Boothby was as a major proponent of the U.S. First Amendment, which establishes a wall of separation between church and state. No believer was off-limits, and in addition to many Adventists his clients included Christian Scientists, Scientologists, and Hare Krishnas.

In the 1990s, Boothby took his fight to the former Soviet bloc, visiting many countries of Eastern Europe to promote the concept of religious liberty under their new constitutions.

Orva Lee Boothby was born on March 17, 1933, in Bakersfield, California. He was named after a beloved pastor, Orva Lee Ice, but he chose to drop “Orva” when he enrolled in law school at Wayne State University in Detroit.

For a time he lived in the shadow of his father, Robert Loren Boothby, a renowned Adventist evangelist who baptized hundreds of people.

“When I was a younger person, it seemed like every person I met was baptized by my grandfather,” said Boothby’s elder daughter, Robin Rene Allen.

But Boothby, who attended Andrews University, had a drive and a determination that caught people’s attention soon after he finished law school in 1957, friends said. Before the Civil Rights Act was passed in 1964, he had already made a name for himself as a leading litigator in cases involving individual rights of conscience and religious opposition to membership in labor unions.

“Lee was the first and for a long time the only and the most influential church-state litigator the Adventist Church has ever produced,” said long-time friend Mitchell Tyner, who retired as associate general counsel of the General Conference in 2006.

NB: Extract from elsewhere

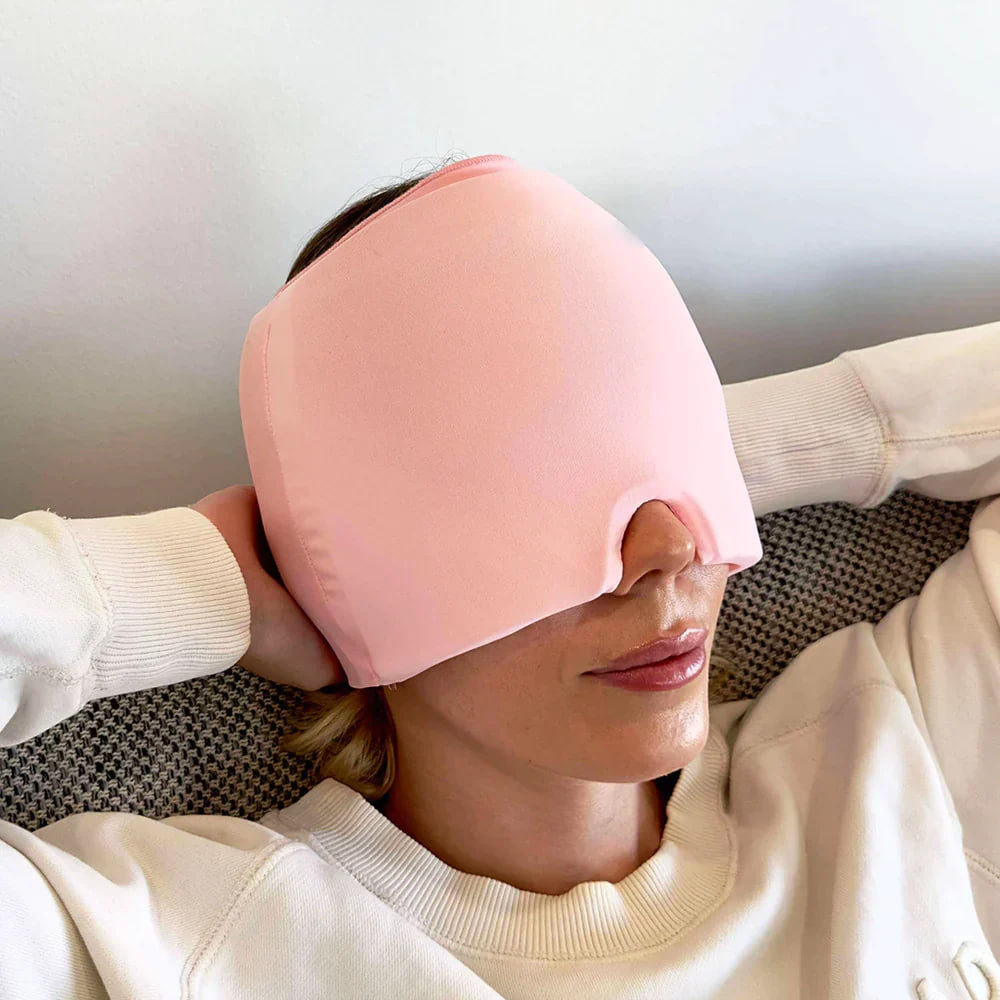 Comfort Hood For Soothing Head Tension And Sleep At Night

“He was a bulldog at it,” Tyner said. “For many of us who came along decades later, he was the image by which we measured our contributions.”

He said Boothby was one of the first lawyers to emerge from the Adventist Church.

Boothby led or worked as general counsel for several organizations, including Americans United for Separation of Church and State, the International Commission of Freedom of Conscience and the International Academy for Freedom of Religion and Belief.

He worried that U.S. politicians were pulling bricks out of the church-state wall to create a new religion of compromise that offended no one.

"What you are tending to see is a new secular state religion," Boothby told Time Magazine in a 2001 cover story on church-state relations. "It's not really religion."

Boothby wasn’t about to let that happen, and he pursued cases in many top courts, including the U.S. Supreme Court, the U.S. Court of Appeals, the Third, Fifth, Sixth, Seventh, Eighth, Ninth, Tenth, Eleventh and Federal Circuits, and Tax Court, among others.

Tyner described Boothby as “a Lone Ranger type and good at it.”

“It was impossible for him to retire,” he sad. “He kept going until he almost fell apart on the job.”

His daughter, Robin Allen, said her father preferred to vacation in warm places like Hawaii or Jamaica, but his work always took priority.

“My dad was an extreme workaholic, and sometimes our vacation would get cut short,” Allen said. “I remember him looking around everywhere for a phone to make a call.”

Even after the stroke, Boothby remained concerned about his clients. They visited him in the hospital in Washington, where he stayed for several months before moving to Michigan.

“He wasn’t just their attorney, he also was their friend,” Allen said.

She said her father had a very personal relationship with God and he never pushed his beliefs on others.

“I believe this was due to his strong conviction that religion is a personal decision, and each individual should be allowed to choose to worship as they wish,” she said.